Saturday, August 1, 2015

It's Okay to Not Be Okay, This is a Safe Place

This song. I've been trying for a good week now to put into words where I am at emotionally right now, and have been unable to find any to really put into words how I feel. I have been ALL over the place over the past few weeks. There is a lot of transition taking place at Shelterwood right now- it's the time of year when contracts end, and new staff start filtering in to start their contracts. And it's a whole heck of a lot harder than I ever imagined that could be. Don't get me wrong- I am SUPER excited to meet the new staff. It is going to bring a wave of freshness, new, and excitement and passion to our house that is definitely needed. But at the same time? I am sad. I am sad because I am JUST starting to take down my walls of protection with people here. I am just starting to let them in and see the real me for all that its worth, and now they are leaving. And that is hard for me to deal with. I've always struggled with relationships and change, but Shelterwood takes it to a whole new level. The struggle is real my friends.
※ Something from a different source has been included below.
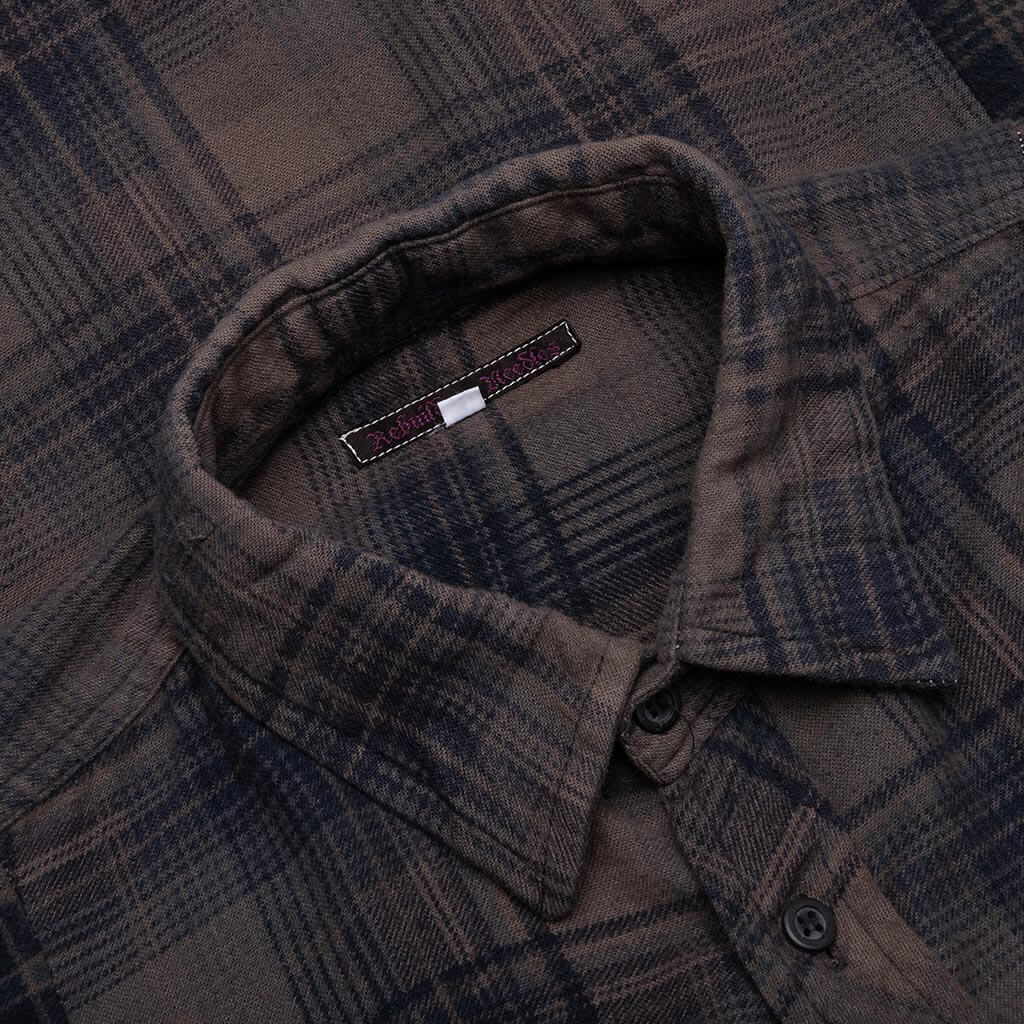 Flannel Shirt 7 Cuts Shirt Over Dye - Brown - Image 3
The anxiety has been unmanageable and bearing it's ugly head a lot the past few weeks. Lots of panic attacks and tears. It's frustrating, but I've gotten to a point where I don't fight it anymore, I just ride out the storm. During a panic attack, I often hold my breath (not on purpose!) and it feels like I am choking to death. (Probs one of the worst feelings you could ever experience.) I heard this song for the first time today, and I loved the part that says "Just let go let His love wrap around you and hold you close. Get lost in the surrender, breathe it in until your heart breaks. Then exhale." I thought of my panic attacks, and the moment when I am calm enough to start inhaling and exhaling normally. It's like sweet relief that pours over me. Often times I will start crying if I am not already simply cuz it feels SO GOOD to just be breathing normally again. And I love that image- of breathing in His love until my cold heart breaks, and I can exhale all the pain.
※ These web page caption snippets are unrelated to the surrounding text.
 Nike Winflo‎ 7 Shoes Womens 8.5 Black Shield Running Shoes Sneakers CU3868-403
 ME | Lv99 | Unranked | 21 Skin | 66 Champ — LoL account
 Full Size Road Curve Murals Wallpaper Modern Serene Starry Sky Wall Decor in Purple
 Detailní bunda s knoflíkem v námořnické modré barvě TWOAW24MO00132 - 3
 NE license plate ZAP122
I've been SO frustrated with where I am at currently, personally. I am told by staff/co-workers and even the littles that I am doing a great job but often times it doesnt feel like it. It never feels like enough. I am constantly asking myself- "What do I need to be doing to better?" I've told myself SO MANY TIMES that I am okay, and I am loveable just the way I am. I don't need to perform in order to be loved, and yet my stubborn mindset stays the same. It's so hard, when I desperately want to change my thinking patterns and behaviors but I simply feel so so so stuck.

I loved the part of the song that says "There is still hope here." I would be lying if I said I haven't had the "I've thrown in the towel" attitude about Shelterwood recently. And realistically, it's not Shelterwoods fault. It's the attitude I am choosing to take on about the changes. I am angry about all the transition, and taking that out on EVERYONE in my life. And as I was sitting in my car and heard the words whispered "There is still hope here." it was like my mind stopped realing for a second and said "What am I missing? How I can see the hope here?" My best friend said the same thing to me tonight- "Marissa, there is still hope for all of this. You are in a REALLY rough season, but there is always hope." I love that. I know there is still hope. I just gotta find it.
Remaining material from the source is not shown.